[Crawled caption data]
........

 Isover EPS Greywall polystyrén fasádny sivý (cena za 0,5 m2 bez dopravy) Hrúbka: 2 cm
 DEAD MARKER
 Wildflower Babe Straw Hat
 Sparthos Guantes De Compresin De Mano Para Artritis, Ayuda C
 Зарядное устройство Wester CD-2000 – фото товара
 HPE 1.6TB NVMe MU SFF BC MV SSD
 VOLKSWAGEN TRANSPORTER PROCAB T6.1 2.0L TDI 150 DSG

........

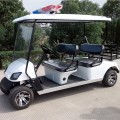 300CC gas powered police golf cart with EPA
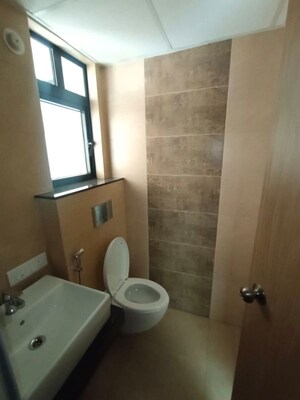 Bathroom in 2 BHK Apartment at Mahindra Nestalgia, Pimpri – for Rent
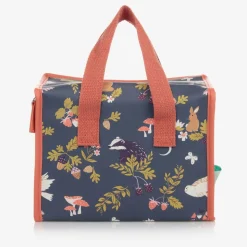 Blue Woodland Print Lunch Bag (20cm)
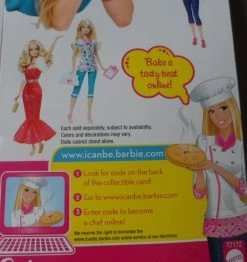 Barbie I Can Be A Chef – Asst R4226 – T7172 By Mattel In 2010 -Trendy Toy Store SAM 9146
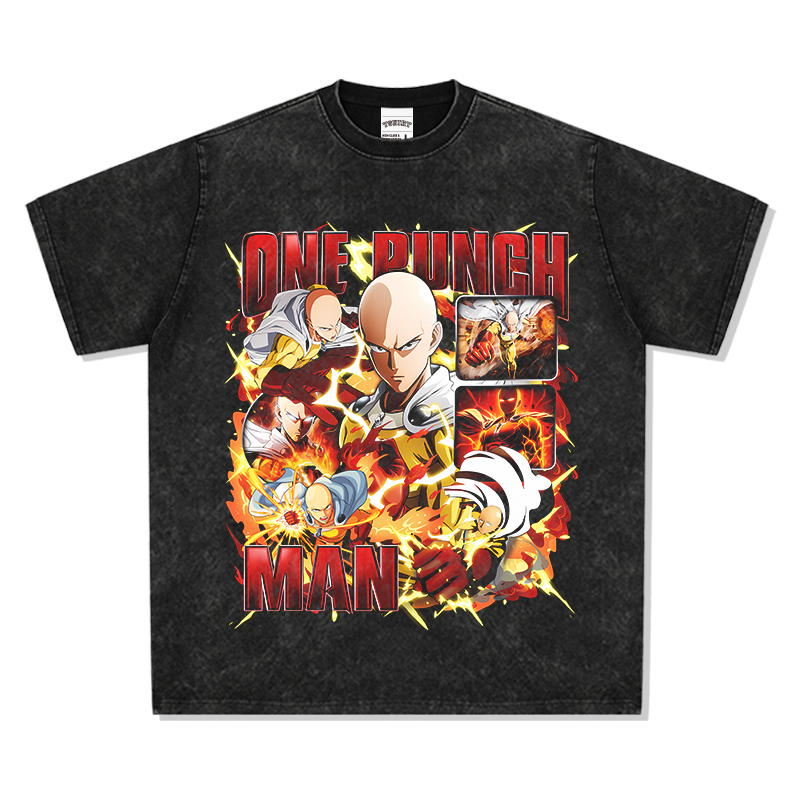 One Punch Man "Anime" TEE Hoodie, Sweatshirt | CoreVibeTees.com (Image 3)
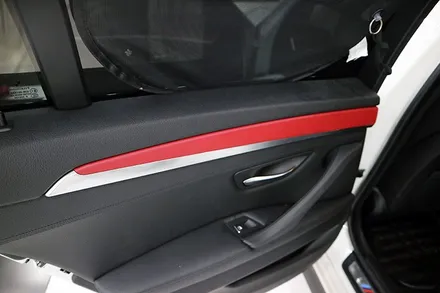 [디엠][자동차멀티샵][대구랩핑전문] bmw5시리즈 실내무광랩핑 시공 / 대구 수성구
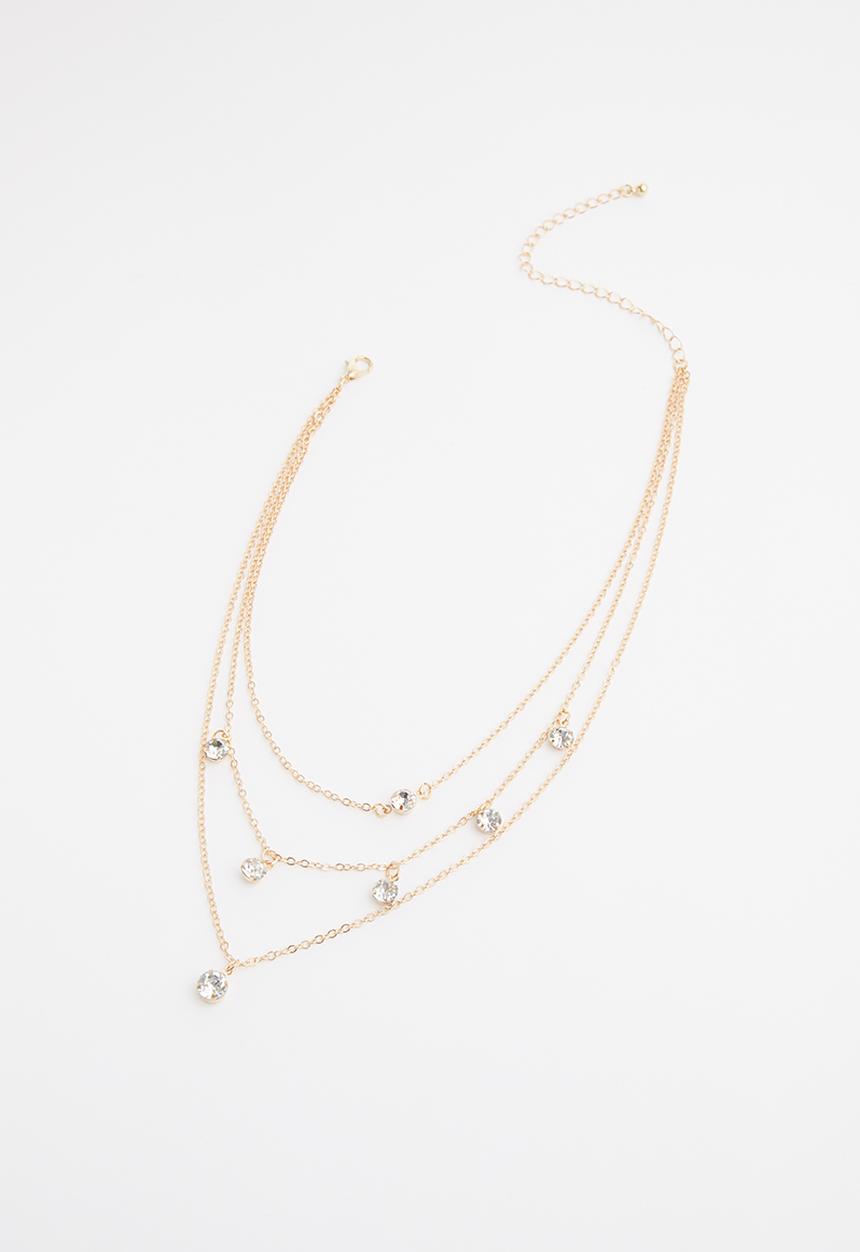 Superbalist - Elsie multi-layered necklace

........

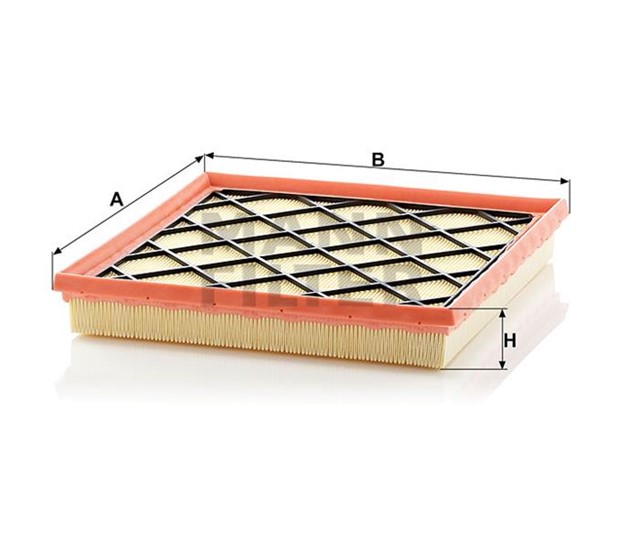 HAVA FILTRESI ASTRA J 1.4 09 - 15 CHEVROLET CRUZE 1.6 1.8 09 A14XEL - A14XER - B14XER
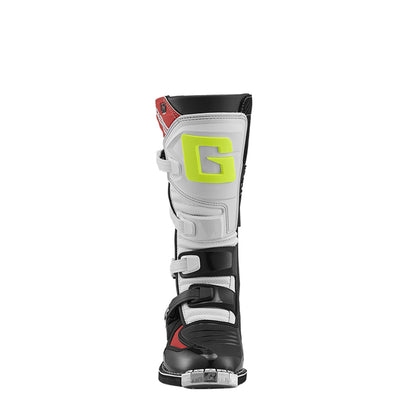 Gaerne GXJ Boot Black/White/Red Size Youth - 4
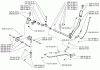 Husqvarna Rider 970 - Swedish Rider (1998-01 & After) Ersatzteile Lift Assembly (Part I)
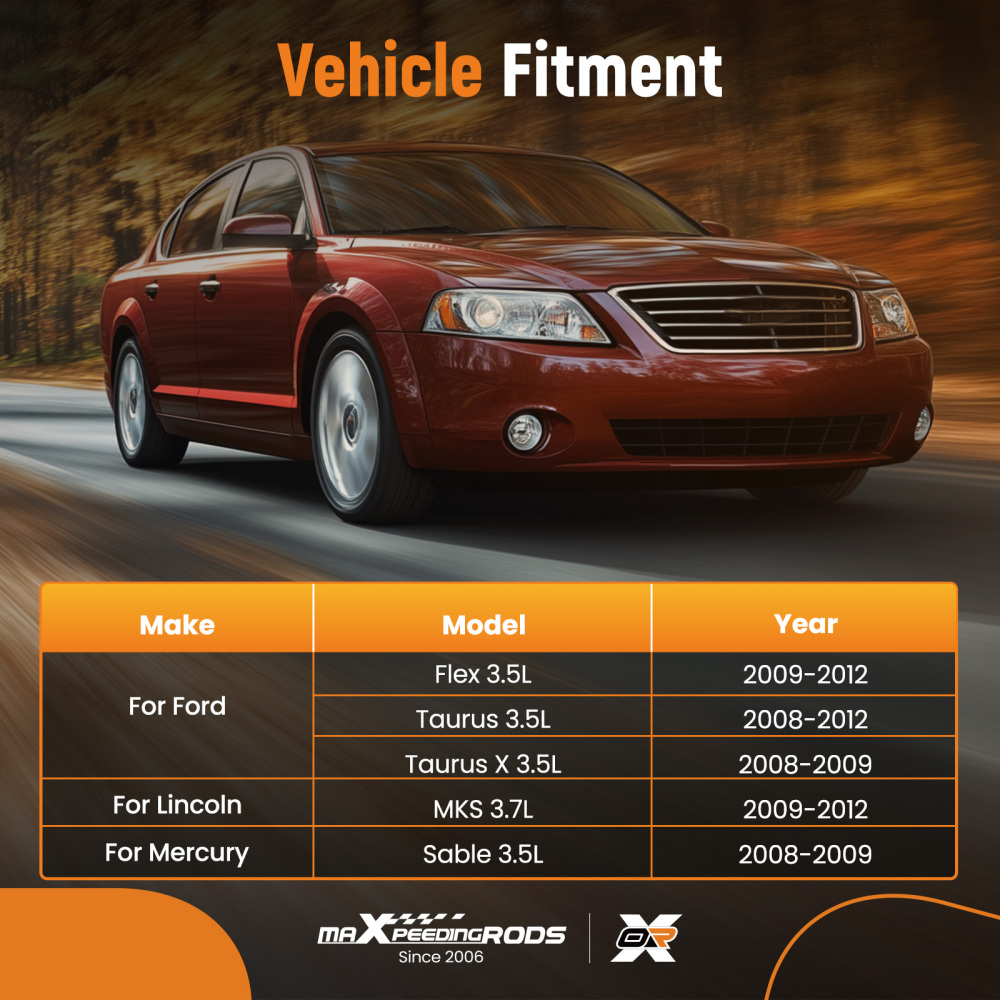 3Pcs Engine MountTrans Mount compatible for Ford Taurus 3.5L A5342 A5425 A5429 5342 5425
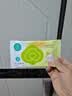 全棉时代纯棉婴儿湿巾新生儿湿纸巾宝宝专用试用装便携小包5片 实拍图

........

From the records above, return exactly the lines running from the one that contains "Husqvarna Rider 970" down to the one that contains "全棉时代纯棉婴儿湿巾新生儿湿纸巾宝宝专用试用装便携小包5片 实拍图", both included, without any pictures.

SOLUTION BELOW ▸
 Husqvarna Rider 970 - Swedish Rider (1998-01 & After) Ersatzteile Lift Assembly (Part I)
 3Pcs Engine MountTrans Mount compatible for Ford Taurus 3.5L A5342 A5425 A5429 5342 5425
 全棉时代纯棉婴儿湿巾新生儿湿纸巾宝宝专用试用装便携小包5片 实拍图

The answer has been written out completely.